Deepak Jalandhari, an 89-year-old historian who has carried out extensive research and penned two books on the history of Jalandhar, writes in detail about the kots in his book “Ek Shahar Jalandhar”.

He said: “Much of the history of the city is lost because no on tried to document the buildings or developments. Nor were many of the historic buildings marked or researched upon by the Archaeological Department. Many glorious havelis and palaces of yore fell to decay. Of others, a gate, a wall or a ruinous pillar remains. A majority of these are totally gone. I also know of historic gurdwaras and buildings that were built over or laid over with marble. Now, we can never catch a glimpse of what they looked like. There are others that still stand but are in extremely pathetic condition.”

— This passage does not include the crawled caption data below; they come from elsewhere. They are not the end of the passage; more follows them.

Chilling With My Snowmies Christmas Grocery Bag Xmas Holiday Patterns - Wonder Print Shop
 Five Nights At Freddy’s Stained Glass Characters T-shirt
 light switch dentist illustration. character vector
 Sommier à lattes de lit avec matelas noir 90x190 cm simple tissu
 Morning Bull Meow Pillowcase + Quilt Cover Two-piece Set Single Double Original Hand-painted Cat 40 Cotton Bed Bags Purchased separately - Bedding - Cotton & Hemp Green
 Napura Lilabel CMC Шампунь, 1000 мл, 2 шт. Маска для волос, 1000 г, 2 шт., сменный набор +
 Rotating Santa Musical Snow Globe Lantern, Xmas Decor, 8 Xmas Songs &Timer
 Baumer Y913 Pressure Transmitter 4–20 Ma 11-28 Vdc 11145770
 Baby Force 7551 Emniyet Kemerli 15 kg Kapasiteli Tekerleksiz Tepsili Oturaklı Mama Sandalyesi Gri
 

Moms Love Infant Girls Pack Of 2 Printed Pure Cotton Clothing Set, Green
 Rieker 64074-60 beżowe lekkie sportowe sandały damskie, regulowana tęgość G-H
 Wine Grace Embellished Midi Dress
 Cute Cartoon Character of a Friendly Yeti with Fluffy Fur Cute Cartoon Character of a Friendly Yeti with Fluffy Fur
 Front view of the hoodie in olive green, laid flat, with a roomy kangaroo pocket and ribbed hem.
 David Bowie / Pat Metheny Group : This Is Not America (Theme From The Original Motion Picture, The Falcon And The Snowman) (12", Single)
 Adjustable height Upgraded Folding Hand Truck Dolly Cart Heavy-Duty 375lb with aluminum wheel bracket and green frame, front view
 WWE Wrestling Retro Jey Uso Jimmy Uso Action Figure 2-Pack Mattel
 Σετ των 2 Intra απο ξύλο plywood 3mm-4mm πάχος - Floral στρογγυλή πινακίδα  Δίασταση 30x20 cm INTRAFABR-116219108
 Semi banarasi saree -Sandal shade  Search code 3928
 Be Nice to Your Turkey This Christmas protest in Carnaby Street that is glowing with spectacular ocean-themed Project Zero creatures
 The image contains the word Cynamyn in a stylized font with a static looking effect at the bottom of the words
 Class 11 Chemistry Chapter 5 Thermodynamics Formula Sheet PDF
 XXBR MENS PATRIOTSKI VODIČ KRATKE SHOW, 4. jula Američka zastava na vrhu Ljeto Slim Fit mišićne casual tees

Partition also altered the area substantially

Notably, the Partition also substantially altered the area. Earlier, much populated by the Muslims, it was later populated by the Saini Sikhs, who settled here after the Partition.

Historian Chiranji Lal Kangniwal, says: “Back when the bastis were formed, there were repeated attacks against Indians by Ahmad Shah Abdali and Nadir Shah. The bastis were populated by the poorer Muslims, who grew their own food on little plots and gardens and sold vegetables off in the city. They toiled while the affluent lead lives steeped in decadence, travelling the city on horses. The richer ones lived in walled cities, while the poor ones lived outside. These poorer peasants and working class members were called ‘raain’. After Partition, the working class Sikhs, which replaced the ‘raains’ were the Sainis. Following 1947, these outer bastis started being frequented by Kabohs and Sainis.”

Subsequently, rampant development and change in the city ate up the kots and very few traces of the original structures remain today. Deepak Jalandhari says the historic buildings and heritage sites of Jalandhar weren’t documented even in 1861, when the Archaeological Survey of India was formed by the British Government.

Stories of yore...

The Kot Kishan Chand area is also popular for another legend.

It was frequently used as a hideout for the members of the Kirti Party during World War-II. Historian Chiranji Lal Kangniwal, Ghadar and Independence movement scholar as well as librarian at the Desh Bhagat Yadgaar Hall, says: “During the second World War, the peasantry, under certain able farm leaders, was being mobilised to rise up against the oppression of the British. Many Kirti Party leaders, who were mobilising farmers, were put in jails. Those who escaped went underground and used to organise activities against the British from their hideouts. A rented house at Kot Kishan Chand served as the underground office for several Kirti Party luminaries. Madan Lal, the general secretary of the Jalandhar unit of the Kirti Party, was himself a resident of Kot Kishan Chand and he rented a house to carry out his underground party activities. Madan Lal, along with freedom fighters Nain Singh Dhoot, Bujha Singh, Gandharva Sen, Ram Singh Dutt and Tehel Singh Baghi, were revolutionaries, who mobilised farmers to stand up against the British.”